In [5]:

import pandas as pd
from sklearn.feature_extraction.text import TfidfVectorizer
from sklearn.model_selection import train_test_split
from sklearn.svm import SVC
from sklearn.metrics import accuracy_score
import re


data = {
    "email": [
        # Spam emails
        "Win a free iPhone now! Click here fast.",
        "Urgent: Your account will be suspended today!",
        "Congratulations! You’ve won $1000—claim it now!",
        "Act fast—limited time offer ends soon!",
        "Claim your exclusive prize before it’s gone!",
        "You’re pre-approved for a $5000 loan—apply instantly!",
        "Last chance to save 90% off—don’t miss out!",
        "Verify your account now or lose everything!",
        "Earn $1000 a day from home—start immediately!",
        "Free gift card waiting—click to redeem now!",
        "Instant cash prize—act before it expires!",
        "Exclusive deal: Win a vacation—enter now!",
        "Your subscription expires soon—renew to avoid penalties!",
        "Click here for your free trial—limited spots!",
        "Urgent alert: Secure your account with this link!",
        "Win big today—click this link now!",
        "Free money waiting—just verify your email!",
        "Act now or miss this exclusive offer!",
        # Not spam emails (normal, no sneaky words)
        "Hi John, can we meet tomorrow at 2?",
        "Please review the attached document for me.",
        "Let’s catch up over coffee this weekend, okay?",
        "Hey, did you see the new movie last night?",
        "Reminder: Team meeting at 3 PM today.",
        "Can you send me the notes from class please?",
        "Happy birthday!
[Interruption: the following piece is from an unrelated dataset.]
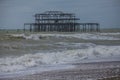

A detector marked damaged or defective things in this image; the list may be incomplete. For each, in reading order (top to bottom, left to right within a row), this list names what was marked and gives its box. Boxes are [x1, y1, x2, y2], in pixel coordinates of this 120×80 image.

rusty metal structure [23, 10, 100, 31] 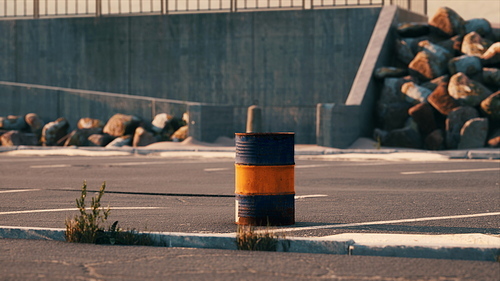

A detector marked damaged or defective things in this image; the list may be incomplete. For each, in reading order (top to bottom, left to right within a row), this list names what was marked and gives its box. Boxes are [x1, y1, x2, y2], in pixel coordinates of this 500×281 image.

rusty metal barrel [234, 132, 292, 226]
Hope you have a great day ahead.",
        "Let me know if you’re free this evening to chat.",
        "Thanks for your help yesterday, I owe you one!",
        "See you at the park later this afternoon?",
        "Hey Sarah, how’s your week going so far?",
        "Can we reschedule our call to tomorrow?",
        "Just checking in—hope you’re doing well!",
        "Let’s plan a movie night soon—your pick!",
        "Hi, want to grab lunch after class today?",
        "Hey, let’s study together this weekend.",
        "Good morning! How’s your day starting?",
    ],
    "label": ["spam"] * 18 + ["not spam"] * 17
}


df = pd.DataFrame(data)


def preprocess_text(text):
    text = text.lower()
    text = re.sub(r'[^\w\s]', '', text)
    return text

df['cleaned_email'] = df['email'].apply(preprocess_text)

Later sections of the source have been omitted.